I am working on the ModelNet10 dataset and my directory structure looks like follows:
root directory contains 10 folders (bathtub,bedroom,toilet,…). These contain 2 folders (train and test) each, which further contain around 500 stl files. Right now , my dataset class looks like follows:

class MeshData(Dataset):

def __init__(self,root_dir):
    self.classes = set()
    self.X = []
    self.Y = []
    self.final_dataset = []
    self.classes_codec = LabelEncoder()

    lst_of_classes = os.listdir(root_dir)
    lst_of_classes.sort()

    self.classes_codec.fit(lst_of_classes)

    for x in lst_of_classes:
        print(x)

        path = root_dir + '/' + x + '/train'
        lst_of_objects = os.listdir(path)
        for y in lst_of_objects:
            file_path = path + '/' + y

            dict_para = input_stl(file_path)
            if dict_para == False:
                print('Input file',y,'has problems')
                continue
            else:	
                neigh = dict_para["neigh_index"]
                corner = dict_para["corners"]
                center = dict_para["centroids"]
                normal = dict_para["normals"]

                self.X.append(np.concatenate((center,corner,normal,neigh),axis=1))
                self.Y.append((self.one_hot_encode(self.classes_codec,[x])))


    self.final_dataset = [self.X,self.Y]

def one_hot_encode(self,codec,values):
    value_idxs = codec.transform(values)
    val,idx = torch.max(torch.eye(len(codec.classes_))[value_idxs],1)
    return torch.LongTensor(idx)



def __len__(self):
    return len(self.final_dataset)

def __getitem__(self,idx):
    return torch.from_numpy(self.X[idx]),self.Y[idx]

Here, i am running brute force over all folders and files, loading them in the format i want and one hot encoding the labels.

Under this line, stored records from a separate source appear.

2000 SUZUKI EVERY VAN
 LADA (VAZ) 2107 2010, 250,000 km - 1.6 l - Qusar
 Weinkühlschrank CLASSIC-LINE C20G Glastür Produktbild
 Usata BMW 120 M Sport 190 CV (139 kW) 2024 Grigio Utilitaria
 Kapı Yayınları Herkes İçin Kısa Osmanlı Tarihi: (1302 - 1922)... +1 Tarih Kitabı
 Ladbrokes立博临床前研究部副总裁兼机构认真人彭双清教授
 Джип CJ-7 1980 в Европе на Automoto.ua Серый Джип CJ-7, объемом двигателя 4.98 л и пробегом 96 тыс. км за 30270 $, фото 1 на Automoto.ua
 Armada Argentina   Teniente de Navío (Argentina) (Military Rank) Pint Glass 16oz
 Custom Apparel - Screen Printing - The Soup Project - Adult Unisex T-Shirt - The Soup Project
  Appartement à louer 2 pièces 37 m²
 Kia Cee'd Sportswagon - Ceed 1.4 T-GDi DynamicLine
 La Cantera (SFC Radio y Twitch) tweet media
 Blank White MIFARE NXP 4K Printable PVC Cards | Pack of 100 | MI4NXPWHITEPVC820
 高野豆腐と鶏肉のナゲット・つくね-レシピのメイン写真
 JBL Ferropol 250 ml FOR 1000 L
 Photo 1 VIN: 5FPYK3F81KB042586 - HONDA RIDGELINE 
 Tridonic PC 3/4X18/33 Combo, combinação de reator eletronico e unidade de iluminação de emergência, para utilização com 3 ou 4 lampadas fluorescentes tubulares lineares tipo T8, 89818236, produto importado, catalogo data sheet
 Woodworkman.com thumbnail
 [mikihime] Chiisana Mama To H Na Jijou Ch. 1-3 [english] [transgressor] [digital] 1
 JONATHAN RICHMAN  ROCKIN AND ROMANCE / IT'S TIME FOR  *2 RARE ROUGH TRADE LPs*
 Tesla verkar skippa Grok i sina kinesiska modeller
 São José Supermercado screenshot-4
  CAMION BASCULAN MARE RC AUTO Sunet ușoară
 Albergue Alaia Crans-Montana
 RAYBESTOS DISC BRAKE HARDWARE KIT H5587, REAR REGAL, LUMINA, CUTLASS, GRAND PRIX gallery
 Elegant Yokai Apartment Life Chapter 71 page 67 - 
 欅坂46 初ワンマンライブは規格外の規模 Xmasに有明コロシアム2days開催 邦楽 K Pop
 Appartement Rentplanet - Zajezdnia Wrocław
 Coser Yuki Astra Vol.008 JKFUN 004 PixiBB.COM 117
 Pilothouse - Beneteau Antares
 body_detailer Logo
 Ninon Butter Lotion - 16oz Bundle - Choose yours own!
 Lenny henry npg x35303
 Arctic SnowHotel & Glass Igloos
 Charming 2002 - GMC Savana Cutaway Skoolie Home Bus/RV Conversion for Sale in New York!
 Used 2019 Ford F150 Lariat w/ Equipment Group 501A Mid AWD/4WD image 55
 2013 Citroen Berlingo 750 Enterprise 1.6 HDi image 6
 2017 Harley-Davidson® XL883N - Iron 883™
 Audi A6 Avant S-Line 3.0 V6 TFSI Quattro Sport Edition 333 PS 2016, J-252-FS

But this is just too time consuming.
I looked up some documentation and found torchvision.datasets.DatasetFolder to be doing a similar job, but on directory structure as follows:

root/class_x/xxx.ext
root/class_x/xxy.ext
root/class_x/xxz.ext

root/class_y/123.ext
root/class_y/nsdf3.ext
root/class_y/asd932_.ext

Only difference is I have train and test folders inside class_x and class_y and i only want to load training .stl files.

Thanks a lot.

ptrblck · July 3, 2020, 8:05am

The main difference between the ImageFolder and your approach would be the lazy vs. eager loading.
While the ImageFolder dataset loads each sample lazily in the __getitem__ method, it seems you are preloading all samples in the __init__ method.

You could try to refactor your code such that you are only creating all valid paths (and targets, if it’s cheap to calculate them) in the __init__ and execute the loading using these paths in __getitem__.

Let me know, if this would help.

Shalabh_Gupta · July 3, 2020, 8:49am

Hi @ptrblck, thanks for the reply. If I want to process the data efficiently in getitem method, i would have to keep the path and class name saved for each index idx in the init function itself, right? So that we could just lookup the idx easily.

Thanks.

ptrblck · July 4, 2020, 2:34am

Yes, that is correct.
The usual approach would be to store the image paths and the targets in different lists and just index them in the __getitem__ method with the provided index argument.

However, you would have to make sure that the lists containing the image path and target keep their correspondence. Sorting one of them would break your training.
Alternatively you could also use a dict, and append each item as {'img_path': path, 'target': target}, but it depends on your coding style.